5 Charts About Trump and the GOP Nomination
Is the Trump train finally running out of steam? Here are five charts to help us with that question.
Under any reasonable metric, Donald Trump is the front runner for the Republican nomination. He may not have the most endorsements (Marco Rubio), nor raised the most money (Ted Cruz), but he’s won the most states, received the most votes, and accrued the most delegates out of anyone in the field. Let’s look at some charts that speak to all three factors: votes, delegates, and wins.
Chart number one shows the total votes of each of the four remaining candidates, divided by contest type. The open primaries and caucuses are grouped together, as are the closed ones. Trump is winning both types.
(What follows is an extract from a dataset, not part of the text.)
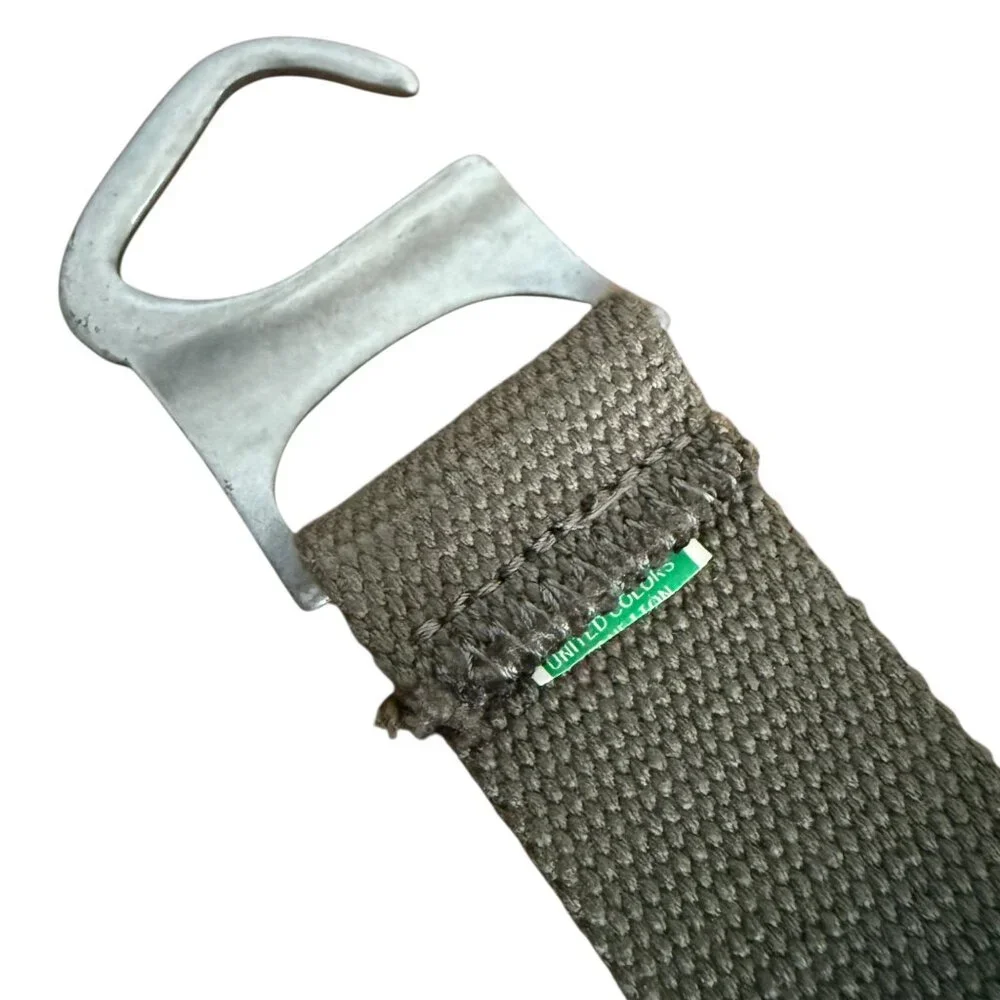 United Colors Of Benetton Olive Canvas Belt Metal Hook Buckle 39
In terms of raw vote totals Trump’s lead is commanding no matter what type of contest we have in view. Yet this next chart, which shifts the focus to delegate totals, shows that Trump is vulnerable in closed contests. Indeed, it depicts a much tighter race when the primary or caucus is closed off to voters not registered as Republicans.
It will be interesting to see how Trump fares in the remaining March contests, since many of them are closed. Out of the 14 left this month, four are open, eight are closed, and two are mixed (unaffiliated voters may cast a vote in either party’s contest, but registered voters may not vote in their rival party’s contest). Since the mixed ones keep out the so-called “Reagan Democrats,” these contests eliminate a constituency Trump has been relying on for his strength in the more open ones. In these closed contests, even a minimal slide on Trump’s part could give someone like Cruz an opening to rack up wins and delegates, especially if Rubio and Kasich are increasingly seen as unviable. The problem for Cruz is that Trump looks likely to take Michigan (open primary, 59 delegates), Mississippi (open primary, 40 delegates) on March 8, and will likely walk away with zero delegates in Florida (closed primary, 99 delegates) and Ohio (semi-closed, 66 delegates) on March 15. These are big contests, and while they don’t all favor Trump, they don’t favor Cruz, either.
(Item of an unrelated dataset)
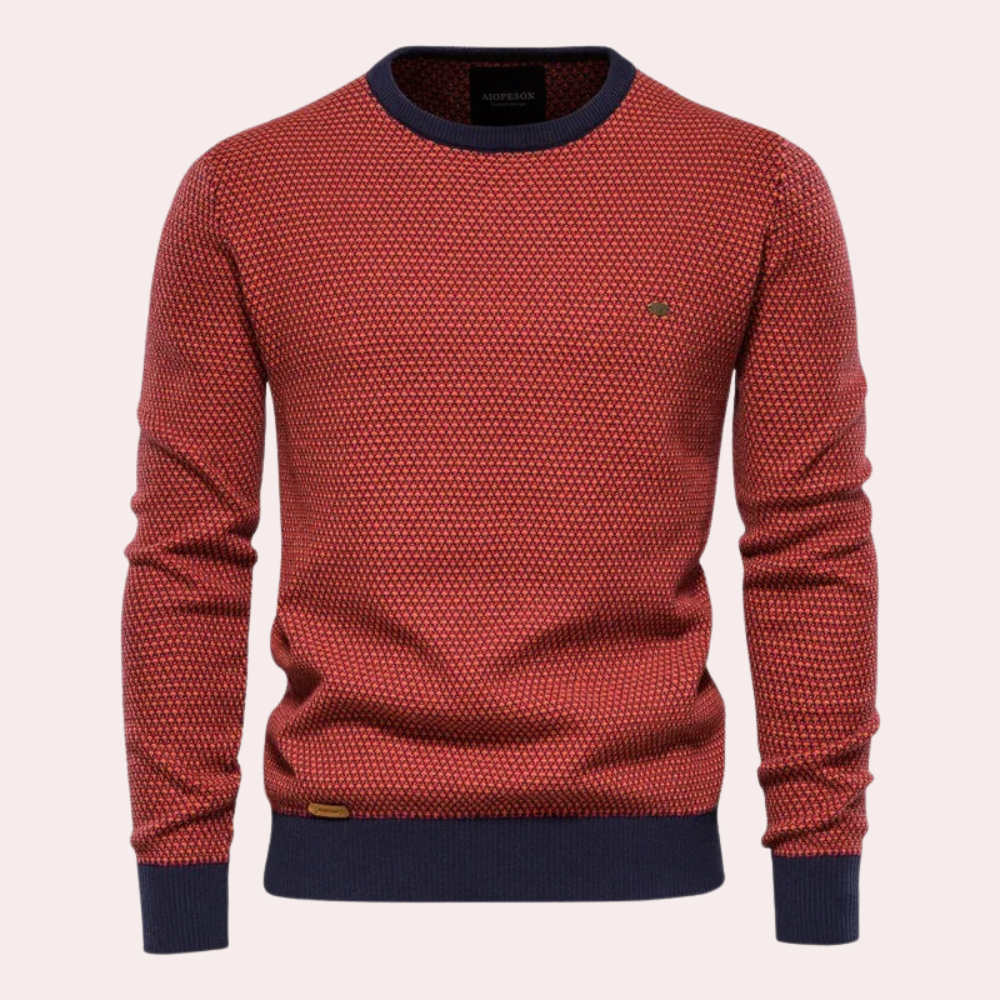 Men’s Printed Crew Neck Sweater | Casual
When it comes to wins, Trump has the most on the Republican side and is tied with Hillary for most overall (12). Take a look at the following chart, which shows which states Trump has won, which states he’s lost, and by how much in either direction.
It’s interesting to note that in Texas and its surrounding states, Trump either loses these states or barely manages to win them. He got clobbered in Texas (-17) and Kansas (-25), and he won Arkansas and Louisiana by a combined margin (+5.9) less than Cruz’s margin of victory over him in Oklahoma (-6.1). His most resounding wins are in Massachusetts (+31.3), Alabama (+22.3), and Nevada (+22). The next chart uses margin of victory data to represent how decisive his wins have been. Despite the prevailing narrative that Trump is a runaway favorite, he has had remarkably few emphatic victories.
The states with some degree of coloration are electoral contests that have already taken place. Notice how precious few of them are deep blue. This chart shows that 12 of the 19 contests held thus far amounted to either a Trump loss or a Trump win by five or less points. This is interesting because if we isolate for recent results, Trump is on a downward path. He lost two states on March 5, and barely won two others. Where does he go from here?
Trump is going to need more than a plurality of the remaining delegates in order to secure the nomination outright; he’s going to need close to a supermajority. Heading into the convention without the 1,237 is very dangerous for a candidate so loathed by the party. If the remaining states allocated delegates in a proportional manner, it would complicate his attempt to secure the needed amount prior to the convention. But winner-take-all (e.g. Florida, 99 delegates; Ohio, 66 delegates) and winner-take-most (e.g. Illinois, 69 delegates; New York, 95 delegates) states are coming, and the clearest way for Trump to rack up the needed delegates prior to the convention is to win those states and choke the delegate stream that second- and third-place finishers have been relying on until now to keep up with him.